For the rest of your post, it seems to me like you're shifting your ground. At any rate, I don't understand what your model of human memory actually is. If you have some kind of reference that describes it, that would be helpful. Your analogies are not conveying anything useful to me.
The way I understand it, it's just that, unlike on disk, the deletion process is not binary. Weak connections that are not revisited regularly gradually become weaker, until they're undistinguishable from noise (false memories).
Memories seem to be constructed by a group of neurons together, and it seems clear that neurodegeneration is a thing, whether by trauma or due to aging. When pathways degenerate, maybe you have a partial memory that you brain can help fill the gaps with(and often incorrectly), but that does not make it the original memory.

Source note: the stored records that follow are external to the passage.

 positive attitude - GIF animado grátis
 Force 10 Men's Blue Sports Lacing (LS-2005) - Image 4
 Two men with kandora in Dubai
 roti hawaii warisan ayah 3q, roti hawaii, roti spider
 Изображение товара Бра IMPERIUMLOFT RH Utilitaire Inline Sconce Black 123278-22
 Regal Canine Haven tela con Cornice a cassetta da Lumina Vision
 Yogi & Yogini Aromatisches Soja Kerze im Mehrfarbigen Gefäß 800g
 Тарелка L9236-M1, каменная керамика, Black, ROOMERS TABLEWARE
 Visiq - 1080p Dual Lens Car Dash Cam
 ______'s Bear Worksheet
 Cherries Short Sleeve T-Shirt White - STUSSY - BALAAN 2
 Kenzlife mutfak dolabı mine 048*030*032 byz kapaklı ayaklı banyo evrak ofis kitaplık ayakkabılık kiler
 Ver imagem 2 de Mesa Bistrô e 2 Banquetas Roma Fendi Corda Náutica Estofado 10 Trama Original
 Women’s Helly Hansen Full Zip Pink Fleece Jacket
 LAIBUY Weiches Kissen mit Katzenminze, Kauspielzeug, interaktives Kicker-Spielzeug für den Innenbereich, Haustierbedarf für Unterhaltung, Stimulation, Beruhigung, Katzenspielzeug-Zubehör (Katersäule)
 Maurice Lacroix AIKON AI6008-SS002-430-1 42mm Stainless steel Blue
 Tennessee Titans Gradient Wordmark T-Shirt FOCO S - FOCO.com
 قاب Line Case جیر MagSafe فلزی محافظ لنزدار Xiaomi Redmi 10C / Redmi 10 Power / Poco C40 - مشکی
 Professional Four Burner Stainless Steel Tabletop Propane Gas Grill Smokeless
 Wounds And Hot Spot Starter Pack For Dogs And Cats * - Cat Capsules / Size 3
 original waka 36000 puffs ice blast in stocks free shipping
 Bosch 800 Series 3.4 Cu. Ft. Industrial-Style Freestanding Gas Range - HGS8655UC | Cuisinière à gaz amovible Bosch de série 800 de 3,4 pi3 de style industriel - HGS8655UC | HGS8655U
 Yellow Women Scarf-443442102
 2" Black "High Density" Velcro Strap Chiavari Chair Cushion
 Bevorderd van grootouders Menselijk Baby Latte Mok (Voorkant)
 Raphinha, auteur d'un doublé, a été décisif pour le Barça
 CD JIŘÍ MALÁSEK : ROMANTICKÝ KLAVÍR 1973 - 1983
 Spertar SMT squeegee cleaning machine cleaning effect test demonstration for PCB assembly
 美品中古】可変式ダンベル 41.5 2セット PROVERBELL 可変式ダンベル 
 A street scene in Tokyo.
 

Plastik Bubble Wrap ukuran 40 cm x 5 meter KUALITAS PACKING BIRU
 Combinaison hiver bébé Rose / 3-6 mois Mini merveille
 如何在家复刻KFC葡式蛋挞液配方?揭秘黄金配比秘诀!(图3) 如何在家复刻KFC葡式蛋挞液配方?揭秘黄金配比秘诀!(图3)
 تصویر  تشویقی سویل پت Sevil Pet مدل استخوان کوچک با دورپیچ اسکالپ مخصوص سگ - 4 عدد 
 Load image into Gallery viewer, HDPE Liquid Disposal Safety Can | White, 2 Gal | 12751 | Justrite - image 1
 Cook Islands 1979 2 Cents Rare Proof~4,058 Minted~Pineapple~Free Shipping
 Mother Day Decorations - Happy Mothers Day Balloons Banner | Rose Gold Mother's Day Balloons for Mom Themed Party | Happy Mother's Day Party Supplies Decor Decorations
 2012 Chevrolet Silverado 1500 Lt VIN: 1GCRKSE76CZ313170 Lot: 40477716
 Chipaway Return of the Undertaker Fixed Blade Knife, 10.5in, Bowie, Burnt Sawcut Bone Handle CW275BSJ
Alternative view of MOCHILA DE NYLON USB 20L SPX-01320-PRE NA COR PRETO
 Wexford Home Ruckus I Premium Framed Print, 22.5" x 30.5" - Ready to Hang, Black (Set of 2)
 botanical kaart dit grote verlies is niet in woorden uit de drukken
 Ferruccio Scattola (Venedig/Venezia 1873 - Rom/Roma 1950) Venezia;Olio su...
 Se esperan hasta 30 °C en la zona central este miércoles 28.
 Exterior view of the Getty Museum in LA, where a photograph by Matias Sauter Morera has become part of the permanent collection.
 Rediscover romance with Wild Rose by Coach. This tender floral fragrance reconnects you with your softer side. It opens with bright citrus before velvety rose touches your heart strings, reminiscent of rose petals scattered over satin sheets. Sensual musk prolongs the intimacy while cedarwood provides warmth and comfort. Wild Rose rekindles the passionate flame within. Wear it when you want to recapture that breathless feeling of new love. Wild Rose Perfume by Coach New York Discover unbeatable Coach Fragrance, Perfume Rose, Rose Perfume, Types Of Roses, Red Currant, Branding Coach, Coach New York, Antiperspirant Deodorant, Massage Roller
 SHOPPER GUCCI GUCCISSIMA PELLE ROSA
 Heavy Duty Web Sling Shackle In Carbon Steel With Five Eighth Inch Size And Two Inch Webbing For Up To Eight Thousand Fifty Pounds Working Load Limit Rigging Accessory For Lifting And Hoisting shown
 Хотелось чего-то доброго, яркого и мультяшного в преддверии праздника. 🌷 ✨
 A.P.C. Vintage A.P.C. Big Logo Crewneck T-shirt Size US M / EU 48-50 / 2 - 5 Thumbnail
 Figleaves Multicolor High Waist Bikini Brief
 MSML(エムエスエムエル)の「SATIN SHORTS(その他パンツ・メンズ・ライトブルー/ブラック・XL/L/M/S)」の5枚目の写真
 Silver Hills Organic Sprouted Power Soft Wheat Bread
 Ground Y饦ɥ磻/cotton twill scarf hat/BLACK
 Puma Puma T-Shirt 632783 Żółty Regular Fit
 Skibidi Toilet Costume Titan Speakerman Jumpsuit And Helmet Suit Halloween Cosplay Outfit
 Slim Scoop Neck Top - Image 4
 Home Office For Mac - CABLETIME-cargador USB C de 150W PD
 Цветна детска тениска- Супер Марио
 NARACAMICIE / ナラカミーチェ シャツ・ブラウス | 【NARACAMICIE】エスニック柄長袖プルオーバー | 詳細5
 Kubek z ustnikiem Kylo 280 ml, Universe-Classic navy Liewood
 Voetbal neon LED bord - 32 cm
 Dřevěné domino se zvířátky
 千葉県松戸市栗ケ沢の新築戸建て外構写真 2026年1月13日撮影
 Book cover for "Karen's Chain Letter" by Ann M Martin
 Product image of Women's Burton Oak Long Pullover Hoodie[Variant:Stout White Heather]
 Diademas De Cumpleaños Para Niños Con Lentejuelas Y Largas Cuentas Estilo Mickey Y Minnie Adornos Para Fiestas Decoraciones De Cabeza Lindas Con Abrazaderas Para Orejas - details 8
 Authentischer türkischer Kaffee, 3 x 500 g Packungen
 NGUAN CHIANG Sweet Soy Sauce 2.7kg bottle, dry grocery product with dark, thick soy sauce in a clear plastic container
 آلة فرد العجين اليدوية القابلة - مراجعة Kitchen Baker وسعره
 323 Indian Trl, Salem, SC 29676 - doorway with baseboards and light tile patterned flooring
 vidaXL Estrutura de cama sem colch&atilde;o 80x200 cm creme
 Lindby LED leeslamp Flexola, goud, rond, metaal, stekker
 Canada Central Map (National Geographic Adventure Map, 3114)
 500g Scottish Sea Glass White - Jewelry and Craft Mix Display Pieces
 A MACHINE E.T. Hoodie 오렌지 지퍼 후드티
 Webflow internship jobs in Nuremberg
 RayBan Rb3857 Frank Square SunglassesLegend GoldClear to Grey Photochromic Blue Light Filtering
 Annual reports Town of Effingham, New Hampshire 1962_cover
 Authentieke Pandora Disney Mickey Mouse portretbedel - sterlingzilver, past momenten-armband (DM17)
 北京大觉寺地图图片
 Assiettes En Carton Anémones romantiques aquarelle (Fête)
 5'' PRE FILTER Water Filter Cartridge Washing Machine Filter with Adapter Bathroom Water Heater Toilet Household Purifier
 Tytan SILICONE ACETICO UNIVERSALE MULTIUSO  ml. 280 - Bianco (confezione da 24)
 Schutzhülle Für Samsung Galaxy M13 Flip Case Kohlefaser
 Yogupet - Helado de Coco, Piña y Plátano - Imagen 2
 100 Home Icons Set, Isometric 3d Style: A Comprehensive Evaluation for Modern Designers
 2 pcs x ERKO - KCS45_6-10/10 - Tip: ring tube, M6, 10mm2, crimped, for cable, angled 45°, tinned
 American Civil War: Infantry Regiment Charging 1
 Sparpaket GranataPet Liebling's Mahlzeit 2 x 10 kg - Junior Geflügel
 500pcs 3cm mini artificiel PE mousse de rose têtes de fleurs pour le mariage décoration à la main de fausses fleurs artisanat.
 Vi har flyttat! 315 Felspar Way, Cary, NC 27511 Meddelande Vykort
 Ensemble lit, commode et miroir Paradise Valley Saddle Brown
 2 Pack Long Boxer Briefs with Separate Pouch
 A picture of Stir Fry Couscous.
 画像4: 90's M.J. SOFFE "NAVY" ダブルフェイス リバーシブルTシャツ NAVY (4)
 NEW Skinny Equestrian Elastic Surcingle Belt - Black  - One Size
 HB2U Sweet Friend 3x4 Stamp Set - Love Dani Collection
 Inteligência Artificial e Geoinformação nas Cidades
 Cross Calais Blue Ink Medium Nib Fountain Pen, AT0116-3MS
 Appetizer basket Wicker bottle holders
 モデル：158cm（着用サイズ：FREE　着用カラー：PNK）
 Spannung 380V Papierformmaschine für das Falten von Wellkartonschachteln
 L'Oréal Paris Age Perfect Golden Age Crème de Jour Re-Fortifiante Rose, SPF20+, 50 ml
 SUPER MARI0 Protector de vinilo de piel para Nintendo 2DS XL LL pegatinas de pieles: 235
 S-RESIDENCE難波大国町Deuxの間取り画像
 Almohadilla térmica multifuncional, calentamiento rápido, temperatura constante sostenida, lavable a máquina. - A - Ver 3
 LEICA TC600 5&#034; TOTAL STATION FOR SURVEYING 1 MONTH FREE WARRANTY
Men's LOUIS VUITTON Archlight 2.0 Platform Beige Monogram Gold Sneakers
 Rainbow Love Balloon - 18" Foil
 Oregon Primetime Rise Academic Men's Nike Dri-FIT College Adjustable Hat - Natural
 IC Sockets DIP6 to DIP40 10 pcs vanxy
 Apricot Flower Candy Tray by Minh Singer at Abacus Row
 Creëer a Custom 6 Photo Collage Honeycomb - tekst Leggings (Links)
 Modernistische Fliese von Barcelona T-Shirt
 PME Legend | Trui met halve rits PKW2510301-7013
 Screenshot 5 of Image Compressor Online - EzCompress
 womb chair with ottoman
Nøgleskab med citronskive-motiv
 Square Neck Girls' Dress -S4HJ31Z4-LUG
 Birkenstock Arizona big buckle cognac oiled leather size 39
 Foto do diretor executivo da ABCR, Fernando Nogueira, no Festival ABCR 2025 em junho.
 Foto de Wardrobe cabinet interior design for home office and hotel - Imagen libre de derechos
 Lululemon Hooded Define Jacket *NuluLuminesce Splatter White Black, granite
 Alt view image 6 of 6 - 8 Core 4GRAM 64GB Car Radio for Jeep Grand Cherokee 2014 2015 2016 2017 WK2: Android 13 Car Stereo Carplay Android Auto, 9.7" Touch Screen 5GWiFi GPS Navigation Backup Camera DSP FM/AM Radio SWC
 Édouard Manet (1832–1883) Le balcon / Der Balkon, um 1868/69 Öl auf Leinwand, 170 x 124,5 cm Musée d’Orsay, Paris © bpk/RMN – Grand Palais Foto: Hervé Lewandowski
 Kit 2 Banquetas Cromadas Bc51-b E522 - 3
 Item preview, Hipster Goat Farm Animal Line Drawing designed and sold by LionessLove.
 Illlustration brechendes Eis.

I don't know where I got this trick. Likely some survival show or some novel. But I don't have any background in survival, otherwise, I would have brought a lot more water.
So my brain knew there was a memory that could help and made up a dream about it is my theory.
Essentially these guys try to stay up for the first few days and then sleep less than 8 hours after that. Way less. Many of them end up hallucinating by the end, and only their extreme fitness levels probably save them from just dying from lack of sleep.
The trick is that waking up to daylight makes you feel more rested. So the teams would have their riders sleep 2-3 hours from just before dawn until dawn so they would wake up to sunlight. Physiologically the difference is small, but psychologically it’s much bigger.
Some of the effect of power napping is likely the same sort of trickery, just as caffeine is partly trickery and partly adrenal.
But on rare occasions (like a couple of times a year), I get migraine auras and stuff disappears from my field of view. Can last about an hour. I feel like that's my visual cortex falling asleep.